This beautifully scaled and finely detailed building, with exceptionally fine interiors, is a tour de force of restrained neo-classical design and an outstanding example of American civil architecture. The design of the building, based on a traditional Renaissance palazzo, is the first use of the Italianate style for an important public building in America; it also was the first use of marble for one of Washington’s public buildings. Both architect Robert Mills and his contemporaries considered the building his masterwork.
In the late 1890s, upon completion of the new Post Office building on Pennsylvania Avenue (now known as the Old Post Office), Congress transferred the building to the Secretary of the Interior. After this transfer, it housed the General Land Office and the Bureau of Education. One of the government’s first central power, heating, and lighting plants, located in the basement, served the Pension Office, the Patent Office, Court House, Court of Appeals, and Bureau of Mines. The Interior Department's occupancy continued until 1917, when its new offices were completed at 18th and F Streets (see Interior Department Offices). After the U.S. entered World War I, the Army operated the National Selective Service Board from the building, and in 1919, General John J. Pershing occupied the building while preparing his final reports as Commander-in-Chief of the American Expeditionary Forces. After Pershing’s departure in 1921, the Tariff Commission first occupied part of the building, and from 1940 until about 1990 it occupied most of the structure.

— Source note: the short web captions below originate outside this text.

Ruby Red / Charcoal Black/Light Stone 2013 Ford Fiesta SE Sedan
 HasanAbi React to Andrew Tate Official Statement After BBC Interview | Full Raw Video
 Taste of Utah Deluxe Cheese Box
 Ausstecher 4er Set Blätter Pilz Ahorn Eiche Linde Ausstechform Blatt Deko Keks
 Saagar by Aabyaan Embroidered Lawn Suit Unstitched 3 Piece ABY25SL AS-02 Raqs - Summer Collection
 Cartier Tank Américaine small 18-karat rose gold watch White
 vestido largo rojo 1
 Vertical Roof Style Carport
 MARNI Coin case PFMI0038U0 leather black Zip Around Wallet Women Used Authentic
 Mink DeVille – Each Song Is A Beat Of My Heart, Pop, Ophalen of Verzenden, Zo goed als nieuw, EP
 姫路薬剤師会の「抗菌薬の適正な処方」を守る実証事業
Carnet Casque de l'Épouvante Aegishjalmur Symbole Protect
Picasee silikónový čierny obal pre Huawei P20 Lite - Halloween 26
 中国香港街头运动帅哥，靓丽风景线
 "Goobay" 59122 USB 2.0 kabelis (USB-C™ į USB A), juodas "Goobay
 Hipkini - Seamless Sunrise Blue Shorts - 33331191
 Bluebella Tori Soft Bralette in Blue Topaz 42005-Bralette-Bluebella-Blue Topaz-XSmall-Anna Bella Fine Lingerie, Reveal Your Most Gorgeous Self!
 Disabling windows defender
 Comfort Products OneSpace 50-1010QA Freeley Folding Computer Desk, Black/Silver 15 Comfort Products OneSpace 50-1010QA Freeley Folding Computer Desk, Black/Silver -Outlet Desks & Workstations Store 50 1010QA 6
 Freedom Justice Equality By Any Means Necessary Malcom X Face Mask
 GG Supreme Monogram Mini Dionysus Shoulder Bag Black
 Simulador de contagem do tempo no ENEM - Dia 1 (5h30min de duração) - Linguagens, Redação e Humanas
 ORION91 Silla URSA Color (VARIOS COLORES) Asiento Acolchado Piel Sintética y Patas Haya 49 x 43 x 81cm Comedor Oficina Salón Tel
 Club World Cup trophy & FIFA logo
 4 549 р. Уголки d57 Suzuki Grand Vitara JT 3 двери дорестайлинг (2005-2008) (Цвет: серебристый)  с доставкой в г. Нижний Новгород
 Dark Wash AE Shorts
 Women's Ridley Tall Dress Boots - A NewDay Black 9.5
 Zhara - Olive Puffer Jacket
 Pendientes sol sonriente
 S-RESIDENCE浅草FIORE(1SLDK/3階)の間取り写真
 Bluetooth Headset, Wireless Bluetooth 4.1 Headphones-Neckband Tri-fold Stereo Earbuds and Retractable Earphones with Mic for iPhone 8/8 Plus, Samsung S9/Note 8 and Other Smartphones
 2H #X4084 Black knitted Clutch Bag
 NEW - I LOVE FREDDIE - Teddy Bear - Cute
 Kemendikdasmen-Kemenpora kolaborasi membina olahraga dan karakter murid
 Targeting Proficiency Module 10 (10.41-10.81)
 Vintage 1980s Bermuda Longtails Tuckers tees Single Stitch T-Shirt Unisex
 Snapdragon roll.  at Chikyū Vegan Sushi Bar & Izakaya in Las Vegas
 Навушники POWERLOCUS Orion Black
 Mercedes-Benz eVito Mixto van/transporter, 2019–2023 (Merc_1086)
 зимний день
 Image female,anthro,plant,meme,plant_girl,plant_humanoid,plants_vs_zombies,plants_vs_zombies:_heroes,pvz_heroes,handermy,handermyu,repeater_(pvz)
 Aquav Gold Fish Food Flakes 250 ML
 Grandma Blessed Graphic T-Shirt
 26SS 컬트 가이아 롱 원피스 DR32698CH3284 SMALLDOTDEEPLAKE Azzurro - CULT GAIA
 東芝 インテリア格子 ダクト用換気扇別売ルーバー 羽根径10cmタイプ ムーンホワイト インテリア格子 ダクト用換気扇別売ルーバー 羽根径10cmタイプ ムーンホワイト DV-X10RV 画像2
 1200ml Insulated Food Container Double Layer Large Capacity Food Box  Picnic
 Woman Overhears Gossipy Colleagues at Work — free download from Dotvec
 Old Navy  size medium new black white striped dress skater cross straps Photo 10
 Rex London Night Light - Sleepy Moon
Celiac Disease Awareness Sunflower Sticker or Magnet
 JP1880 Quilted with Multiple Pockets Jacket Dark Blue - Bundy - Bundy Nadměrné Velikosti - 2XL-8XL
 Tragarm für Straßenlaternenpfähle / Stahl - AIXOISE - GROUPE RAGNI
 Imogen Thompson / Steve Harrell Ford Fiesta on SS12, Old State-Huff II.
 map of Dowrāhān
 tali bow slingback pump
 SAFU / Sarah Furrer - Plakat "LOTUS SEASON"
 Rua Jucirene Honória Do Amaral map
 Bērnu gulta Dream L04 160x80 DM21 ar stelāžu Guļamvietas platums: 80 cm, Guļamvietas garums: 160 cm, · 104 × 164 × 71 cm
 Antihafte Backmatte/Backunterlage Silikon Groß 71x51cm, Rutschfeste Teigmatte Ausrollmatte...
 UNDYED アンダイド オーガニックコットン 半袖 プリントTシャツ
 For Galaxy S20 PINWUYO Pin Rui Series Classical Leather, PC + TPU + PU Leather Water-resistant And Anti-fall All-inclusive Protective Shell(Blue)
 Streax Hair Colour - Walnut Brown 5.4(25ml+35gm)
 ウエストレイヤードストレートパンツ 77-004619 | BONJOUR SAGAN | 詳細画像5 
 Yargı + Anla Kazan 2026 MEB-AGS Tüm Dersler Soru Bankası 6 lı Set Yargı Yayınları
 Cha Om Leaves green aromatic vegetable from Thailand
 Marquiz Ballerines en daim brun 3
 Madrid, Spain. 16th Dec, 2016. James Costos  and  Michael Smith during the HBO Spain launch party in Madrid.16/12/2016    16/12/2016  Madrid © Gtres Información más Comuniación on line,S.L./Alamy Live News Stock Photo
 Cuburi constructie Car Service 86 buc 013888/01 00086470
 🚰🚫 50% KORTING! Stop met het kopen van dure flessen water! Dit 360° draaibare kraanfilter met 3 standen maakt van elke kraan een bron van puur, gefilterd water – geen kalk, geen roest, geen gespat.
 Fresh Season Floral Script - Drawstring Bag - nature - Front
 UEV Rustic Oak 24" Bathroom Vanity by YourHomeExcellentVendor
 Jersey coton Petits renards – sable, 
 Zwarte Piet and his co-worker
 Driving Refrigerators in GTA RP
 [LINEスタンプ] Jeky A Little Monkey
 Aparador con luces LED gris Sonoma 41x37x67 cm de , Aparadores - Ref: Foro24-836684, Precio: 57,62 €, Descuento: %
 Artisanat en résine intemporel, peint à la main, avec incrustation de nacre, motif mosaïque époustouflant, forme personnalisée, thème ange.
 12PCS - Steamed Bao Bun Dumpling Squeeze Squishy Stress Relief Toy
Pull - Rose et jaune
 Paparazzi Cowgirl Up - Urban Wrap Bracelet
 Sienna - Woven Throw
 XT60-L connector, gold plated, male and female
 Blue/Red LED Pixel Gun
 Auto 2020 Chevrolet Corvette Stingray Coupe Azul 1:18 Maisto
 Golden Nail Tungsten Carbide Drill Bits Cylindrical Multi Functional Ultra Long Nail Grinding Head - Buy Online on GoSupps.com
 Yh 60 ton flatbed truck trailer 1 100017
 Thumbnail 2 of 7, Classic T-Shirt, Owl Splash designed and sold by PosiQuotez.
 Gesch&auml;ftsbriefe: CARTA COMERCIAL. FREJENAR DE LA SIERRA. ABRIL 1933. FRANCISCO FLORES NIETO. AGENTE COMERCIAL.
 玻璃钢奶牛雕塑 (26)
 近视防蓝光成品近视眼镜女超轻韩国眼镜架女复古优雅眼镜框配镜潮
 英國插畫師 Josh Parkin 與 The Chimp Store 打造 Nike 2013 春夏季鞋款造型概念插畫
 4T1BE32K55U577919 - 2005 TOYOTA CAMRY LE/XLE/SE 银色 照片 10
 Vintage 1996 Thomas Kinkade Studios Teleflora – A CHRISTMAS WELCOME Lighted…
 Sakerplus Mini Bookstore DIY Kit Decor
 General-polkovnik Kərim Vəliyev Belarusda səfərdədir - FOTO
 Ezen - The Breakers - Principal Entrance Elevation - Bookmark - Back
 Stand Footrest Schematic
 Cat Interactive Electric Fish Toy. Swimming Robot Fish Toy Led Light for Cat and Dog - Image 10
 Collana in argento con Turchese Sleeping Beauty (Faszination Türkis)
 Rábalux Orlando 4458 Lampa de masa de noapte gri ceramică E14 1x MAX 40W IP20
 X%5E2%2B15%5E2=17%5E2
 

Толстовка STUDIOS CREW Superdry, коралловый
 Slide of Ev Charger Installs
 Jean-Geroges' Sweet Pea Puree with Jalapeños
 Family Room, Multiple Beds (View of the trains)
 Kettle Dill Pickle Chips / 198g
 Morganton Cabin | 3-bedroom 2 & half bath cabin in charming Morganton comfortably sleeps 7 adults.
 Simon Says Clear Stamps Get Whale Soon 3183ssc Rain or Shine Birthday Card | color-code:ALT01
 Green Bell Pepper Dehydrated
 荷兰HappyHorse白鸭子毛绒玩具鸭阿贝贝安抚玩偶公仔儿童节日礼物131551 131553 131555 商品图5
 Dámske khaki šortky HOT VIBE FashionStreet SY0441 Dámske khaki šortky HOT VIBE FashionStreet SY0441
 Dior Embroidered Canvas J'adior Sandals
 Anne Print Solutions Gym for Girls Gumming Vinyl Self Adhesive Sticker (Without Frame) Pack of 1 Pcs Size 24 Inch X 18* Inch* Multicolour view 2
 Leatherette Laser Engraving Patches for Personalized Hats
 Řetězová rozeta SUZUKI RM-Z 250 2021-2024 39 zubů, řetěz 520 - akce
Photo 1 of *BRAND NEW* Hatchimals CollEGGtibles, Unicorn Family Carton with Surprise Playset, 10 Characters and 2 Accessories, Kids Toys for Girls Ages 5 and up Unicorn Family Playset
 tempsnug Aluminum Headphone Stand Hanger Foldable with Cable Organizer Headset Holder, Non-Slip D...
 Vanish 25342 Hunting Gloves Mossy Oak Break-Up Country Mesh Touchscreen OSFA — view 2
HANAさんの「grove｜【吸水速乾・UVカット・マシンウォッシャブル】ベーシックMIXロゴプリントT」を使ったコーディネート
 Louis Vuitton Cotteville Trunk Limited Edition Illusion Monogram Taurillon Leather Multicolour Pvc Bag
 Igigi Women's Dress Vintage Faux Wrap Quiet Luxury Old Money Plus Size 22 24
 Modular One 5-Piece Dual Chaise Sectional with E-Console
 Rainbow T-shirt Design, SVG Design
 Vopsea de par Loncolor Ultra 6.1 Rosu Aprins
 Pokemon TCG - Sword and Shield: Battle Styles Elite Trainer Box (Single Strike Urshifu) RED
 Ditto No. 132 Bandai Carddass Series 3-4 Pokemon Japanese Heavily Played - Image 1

Although built in sections, the exterior is a harmonious composition, articulated by Corinthian pilasters and columns, with only minor differences in detail. The Mills wing is of New York marble, and the Walter section of Maryland marble. The keystone above the 8th Street carriageway entrance displays a carved female head representing Fidelity, and bas-reliefs in the spandrels of winged figures bearing a thunderbird and locomotive, symbolizing Electricity and Steam, respectively. These were sculpted by Guido Butti in 1856. Outstanding interior features in the Mills wing include barrel-vaulted corridors with plaster friezes on the main floor, two graceful curved cantilevered granite stairways in domed alcoves, and the vaulted third floor main hall with a domed central skylight.